Private property rights, safety issues raised


The Lake Oswego Corporation has signed on to intervene in a lawsuit that could decide whether the general public is allowed to use Oswego Lake.

A Clackamas County Circuit Court judge recently approved a request from Lake Corp. officials to side with the city of Lake Oswego and the state as they defend themselves against a lawsuit filed last fall by Mark Kramer and Todd Prager.

Kramer, of Portland, and Prager, of Lake Oswego, contend that city rules barring access to the lake violate the public’s right to recreate on the water and that the state has an obligation to protect the public’s use of navigable waterways, including Oswego Lake.

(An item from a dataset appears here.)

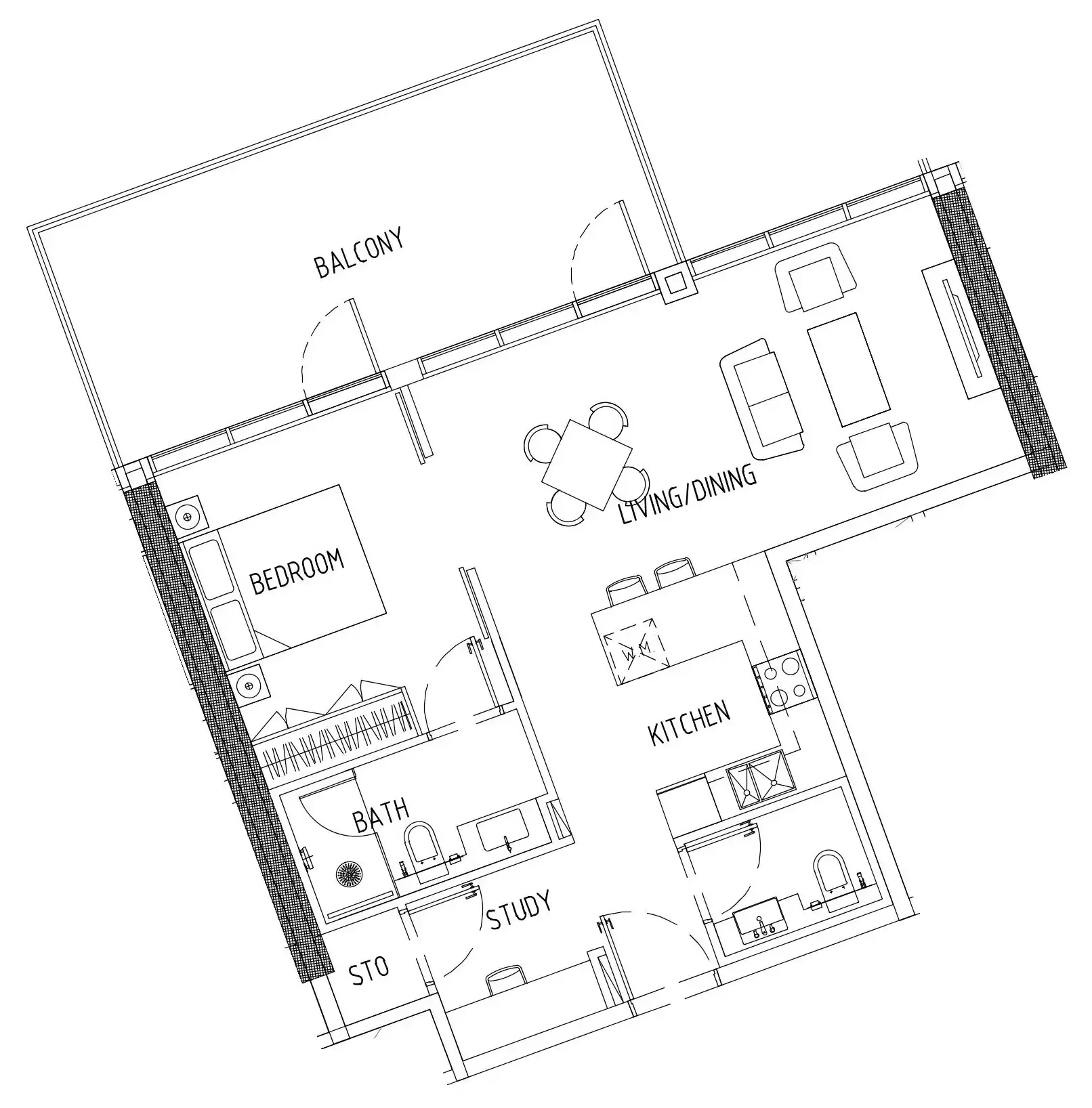 1 BR layout at Damac District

In a related matter, attorneys for Kramer and Prager filed for summary judgment on the public use aspect of their case on Monday.

Kramer and Prager want the court to settle questions over ownership and public access to the lake, long maintained as a private water body by a corporation of property owners.

According to the Lake Corp. filing, a ruling in favor of the plaintiffs would undermine its property rights and interfere with its ability to enforce its safety and other regulations on the water.

Lake Corp. calls Oswego Lake and the attached Lakewood Bay “reservoirs” created from a smaller body of water. According to the motion: “Originally beneath what is now the lake was a smaller body of water known as ‘Sucker Lake.’” Oregon Iron and Steel owned the surrounding property and created what is today known as Oswego Lake by “artificially inundating its private property.” The company then created Lakewood Bay separately through a similar process, inundating property it owned on the east side of Sucker Lake. It also built a canal.

Oregon Iron and Steel transferred ownership to Lake Corp., which contends it still holds the title to “most of the bed and the banks” of the bay and the lake.

Its 625 shareholders pay dues to support a full-time staff responsible for building and maintaining docks and boat ramps, managing water quality and hiring patrol boats to enforce its rules. The organization also “controls the dams used to store water in the Lake to generate electrical power and for irrigation and other purposes,” court documents state.

Kramer and Prager argue the lake is public because Oregon has sovereign rights to land underlying bodies of water. Regardless of ownership of the lakebed, past attorney general opinions have said the public has a right to use lakes and rivers so long as the water is deep and wide enough to boat in.

The state hasn’t enforced public ownership or access to the lake, according Kramer and Prager’s original complaint.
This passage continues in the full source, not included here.